[WHAT IS NEEDED]
Starting at the line with "OpelCorsa 1.2 Selective" and going on through the line with "Activo con contrato: $2,550,000", reproduce each line in the records below exactly and nothing more.

[RECORDS TO PROCESS]
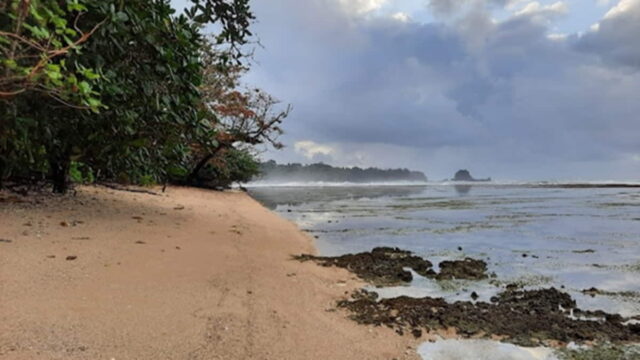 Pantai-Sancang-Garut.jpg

...

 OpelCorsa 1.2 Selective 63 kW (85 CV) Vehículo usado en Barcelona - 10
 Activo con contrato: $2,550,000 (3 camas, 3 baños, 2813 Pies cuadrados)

[WRITTEN ANSWER]
 OpelCorsa 1.2 Selective 63 kW (85 CV) Vehículo usado en Barcelona - 10
 Activo con contrato: $2,550,000 (3 camas, 3 baños, 2813 Pies cuadrados)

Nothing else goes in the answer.